Action item: Beginning with the line containing "1206 Commack Dr — Photo 24" and ending with the line containing "ucraina a distrus", write out each line of the records below exactly; pictures and lines outside that range are left out.

Supplied records:

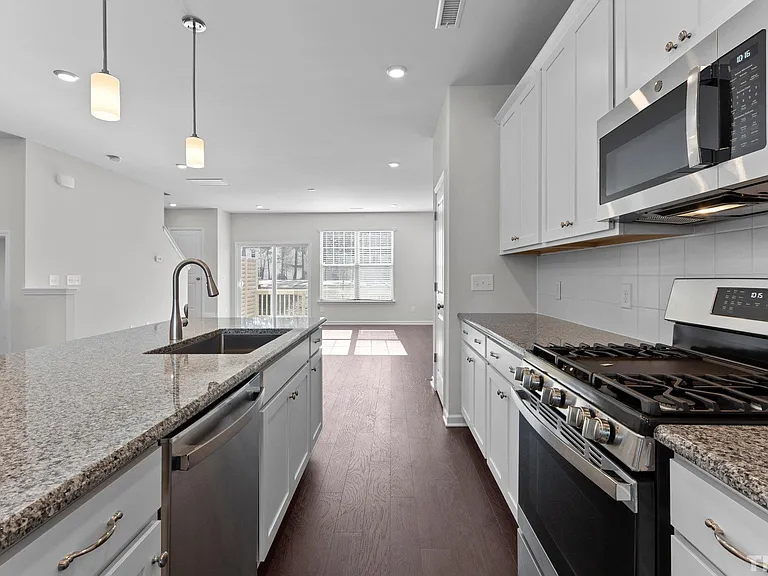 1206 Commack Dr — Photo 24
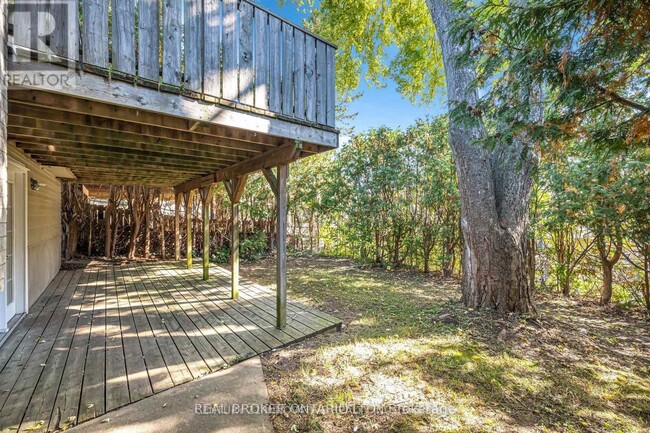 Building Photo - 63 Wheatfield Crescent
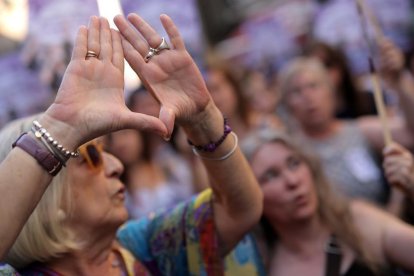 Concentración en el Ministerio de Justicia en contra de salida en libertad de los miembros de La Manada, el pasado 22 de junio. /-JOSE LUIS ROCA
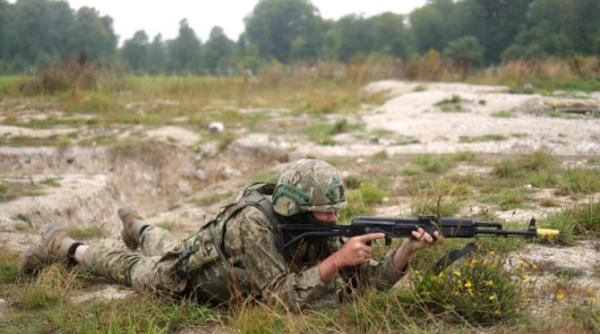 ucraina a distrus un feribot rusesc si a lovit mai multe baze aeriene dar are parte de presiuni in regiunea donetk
* * *
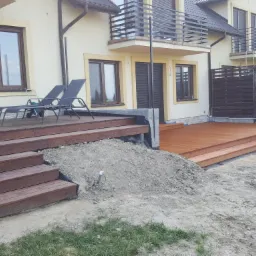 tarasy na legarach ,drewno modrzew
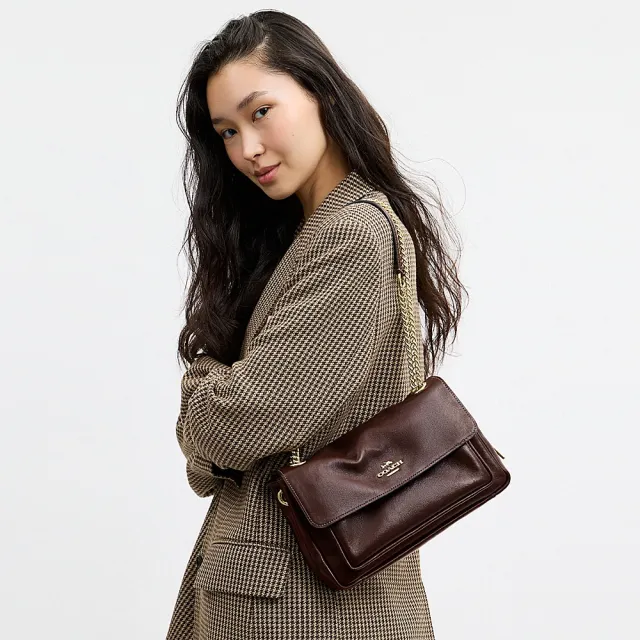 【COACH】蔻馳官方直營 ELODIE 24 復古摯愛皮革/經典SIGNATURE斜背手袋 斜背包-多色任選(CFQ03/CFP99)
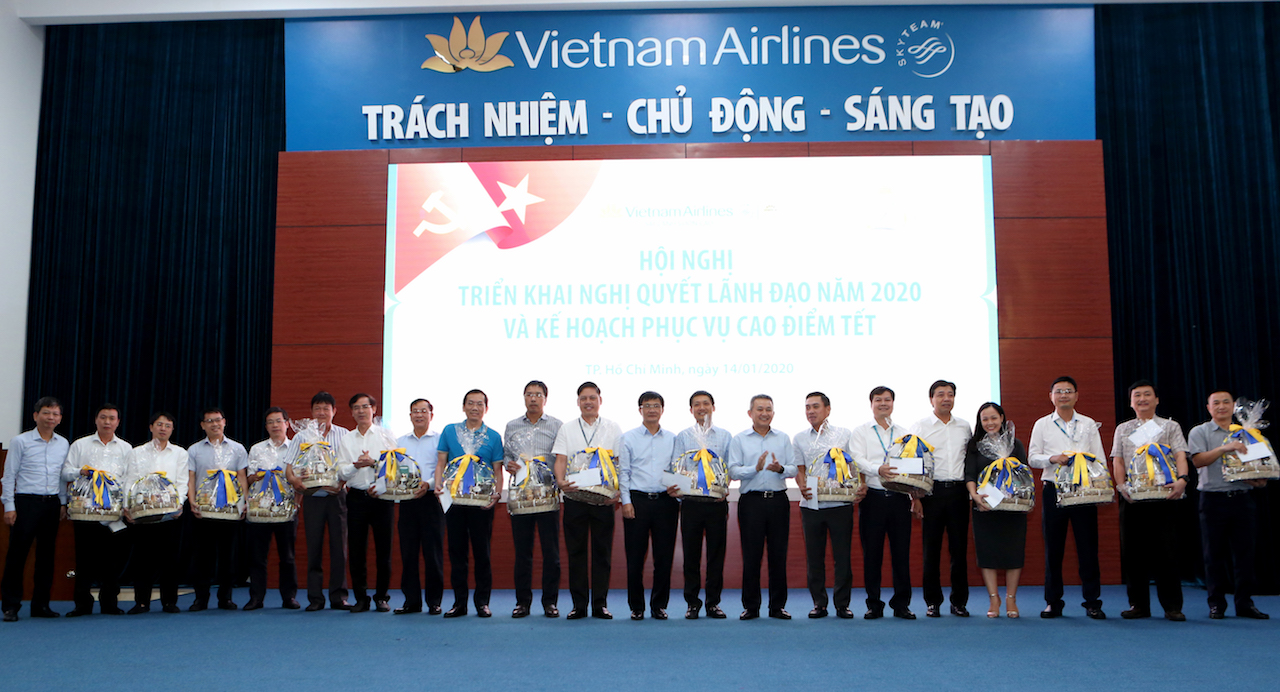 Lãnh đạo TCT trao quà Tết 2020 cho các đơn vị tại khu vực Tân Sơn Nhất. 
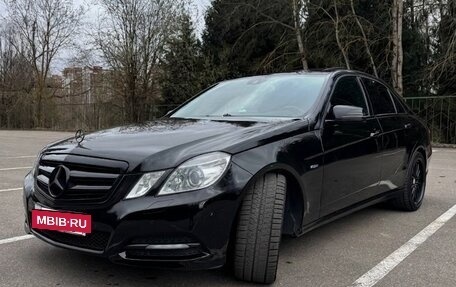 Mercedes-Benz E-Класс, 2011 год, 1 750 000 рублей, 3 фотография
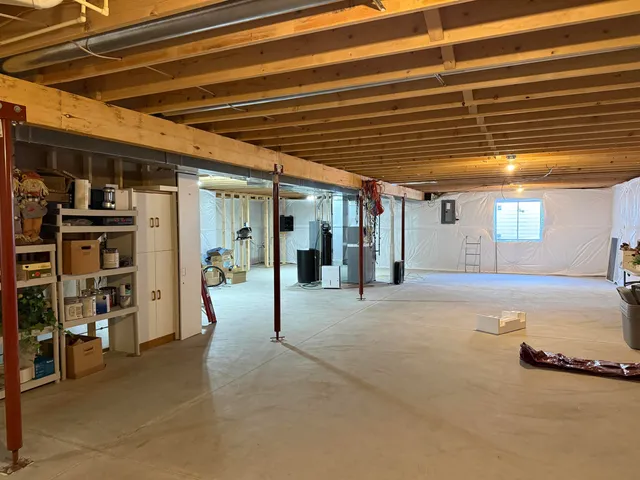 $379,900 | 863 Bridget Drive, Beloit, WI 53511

Answer below:
 1206 Commack Dr — Photo 24
 Building Photo - 63 Wheatfield Crescent
 Concentración en el Ministerio de Justicia en contra de salida en libertad de los miembros de La Manada, el pasado 22 de junio. /-JOSE LUIS ROCA
 ucraina a distrus un feribot rusesc si a lovit mai multe baze aeriene dar are parte de presiuni in regiunea donetk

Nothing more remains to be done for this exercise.